Une allumée et sympathique personne, en d’autres termes.
Peut-être une bonne idée, quand on y pense, de refuser de lui refiler des centaines de milliers de données perso…
Outre ce qui précède, la dernière fronde trumpiste s’inscrit dans un contexte large et alarmant. Celui où on s’attaque, sans gêne ni ambages, au savoir lui-même. À son indépendance. À l’effervescence scientifique. À ses facultés de dissidence, aussi.
Parce que qui de mieux que l’université, preuves, rapports et études à l’appui, pour témoigner que le roi est (parfaitement) nu?
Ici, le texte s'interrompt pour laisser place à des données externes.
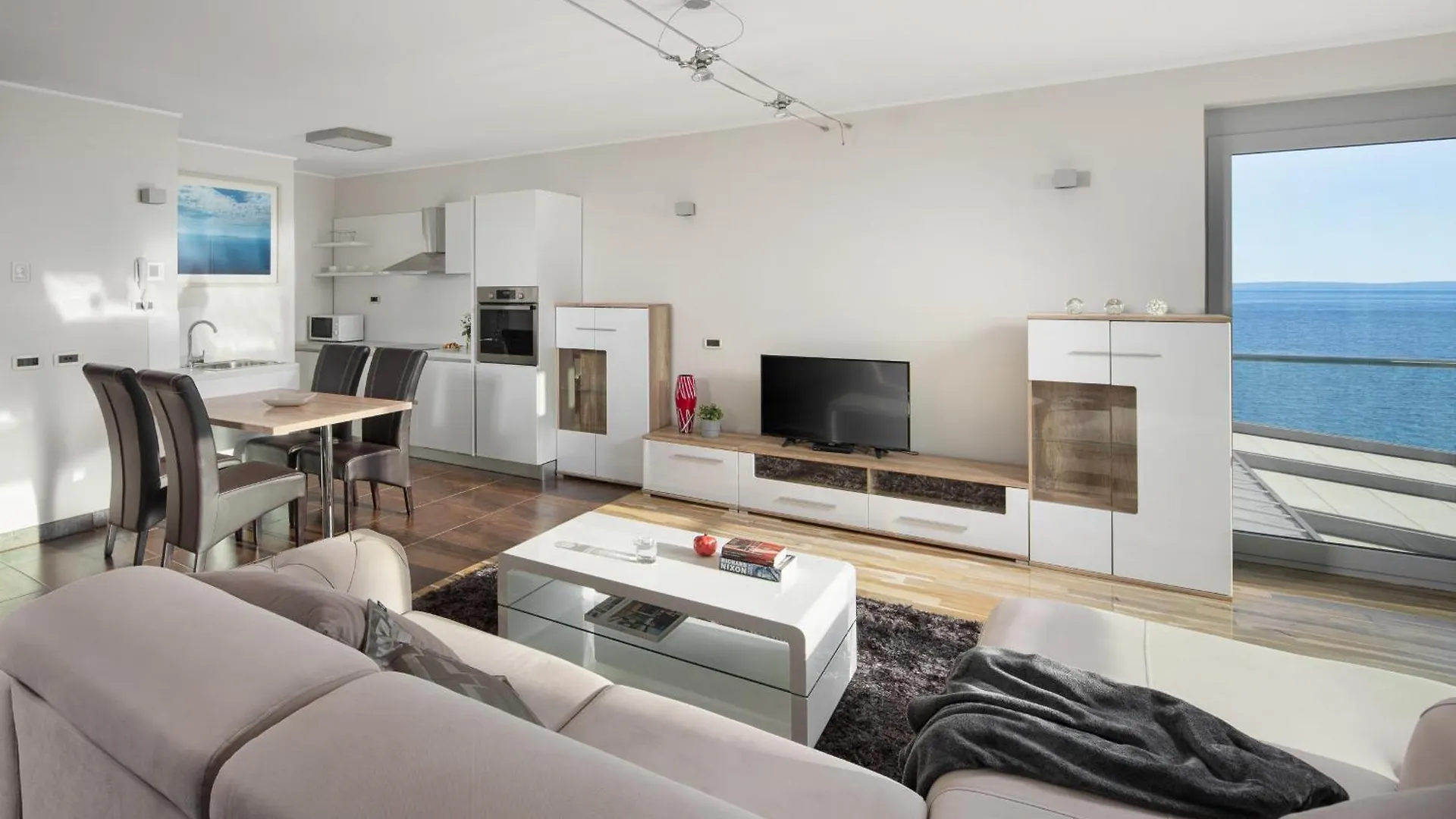 Villa Arentz Residence - Side Sea View Apartments Opatija 0*,  Croatia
Parlez-en à quiconque au pouvoir lors de la Guerre du Vietnam, de l’invasion de l’Irak ou au plus fort de la lutte contre la ségrégation raciale. Sans les universités et ses campus, il est beaucoup plus ardu de remettre en question l’ordre établi et ses mensonges ou injustices.
On comprendra donc que ce qui se déroule présentement n’a rien d’anodin ou de fortuit. Il s’agit plutôt d’une machination calculée, d’un jalon supplémentaire vers le renversement d’une démocratie au profit d’un régime quotidiennement davantage fascisant.
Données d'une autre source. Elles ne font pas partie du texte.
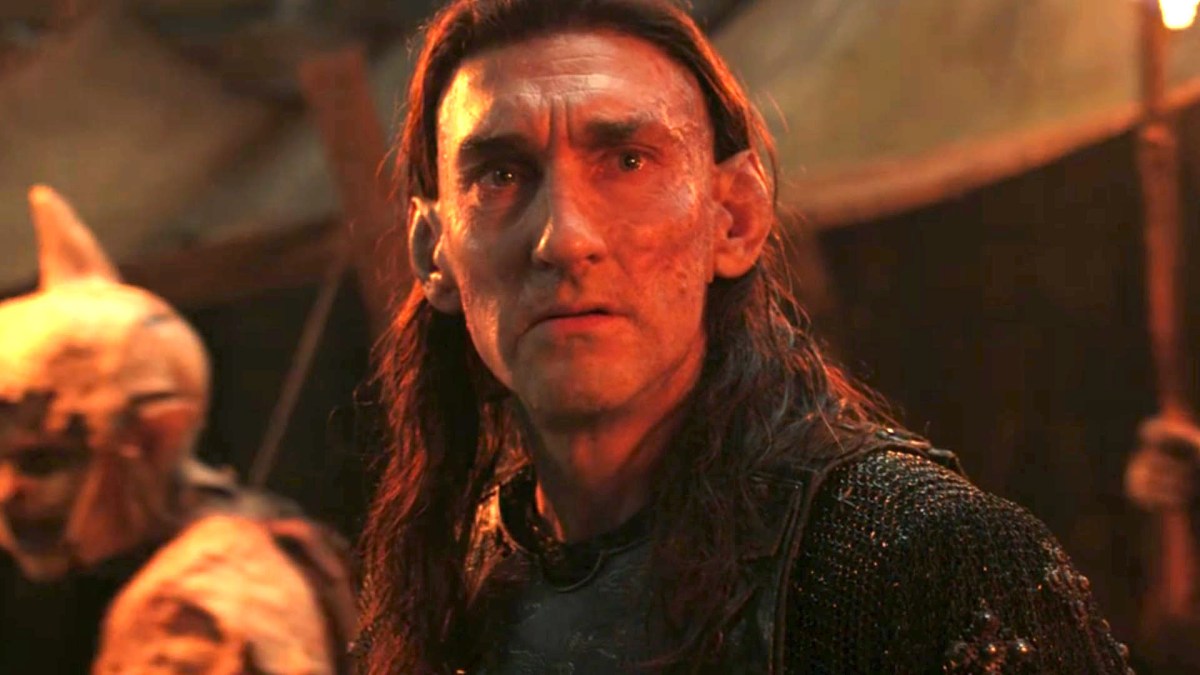Le personnage d'Adar dans la saison 1 // Source : Amazon Prime Video/Les Anneaux de Pouvoir Le personnage d'Adar dans la saison 1 // Source : Amazon Prime Video/Les Anneaux de Pouvoir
On se souvient, notamment, des arrestations illégales d’étudiants ayant participé à des manifestations anti-génocides, et les menaces trumpistes de retirer le financement fédéral à quiconque osant défier ses directives, c’est-à-dire une forme de prise d’otage sur le contenu des cours et les orientations de recherche, les embauches de profs et chercheurs, et la hache à même les politiques institutionnelles jugées «wokes».
Pour l’instant, la privilégiée Harvard tient le coup, forte d’un fonds de dotation de quelque 53 milliards de dollars, allant même jusqu’à attaquer Washington devant les tribunaux. Mais qu’en est-il des institutions moins richissimes?
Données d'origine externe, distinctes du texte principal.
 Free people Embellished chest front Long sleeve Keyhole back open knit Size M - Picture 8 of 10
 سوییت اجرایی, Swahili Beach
Si l’adage dit vrai, c’est-à-dire qu’il n’y a aucune censure pire que l’autocensure, ceci vaut très certainement pour le domaine éducationnel.
On sait notamment qu’une conférence de la docteure québécoise Joanne Liu s’est vue annulée par l’Université de New York, pourtant son alma mater, du fait du sujet de ladite conférence : le génocide à Gaza. Idéal, bien entendu, pour froisser Donald et l’amener à pénaliser, du moins financièrement, l’institution.
Autre preuve, par l’absurde, celle-là, de la nécessité de l’indépendance et objectivité du savoir: l’Oklahoma vient d’annoncer que la farfelue théorie selon laquelle Trump se serait fait voler, par une fantastique machination du diable, l’élection de 2020, sera prochainement enseignée dans ses high schools. Un pas que ne franchiront jamais les universités américaines? Les plus sérieuses et nanties, probablement. Mais les autres? En cette ère de folie institutionnalisée, allez savoir.
Bref, à suivre. En attendant? Conservons en tête ces mots d’Abraham Lincoln, prononcés devant le Congrès, et paraphrasant ceux d’un autre grand, Victor Hugo:
«Si vous croyez que l’éducation coûte cher, essayer donc l’ignorance, pour voir.»
Surtout, aurait-il pu ajouter, quand cette même ignorance constitue le socle d’une stratégie de prise d’otage de la démocratie.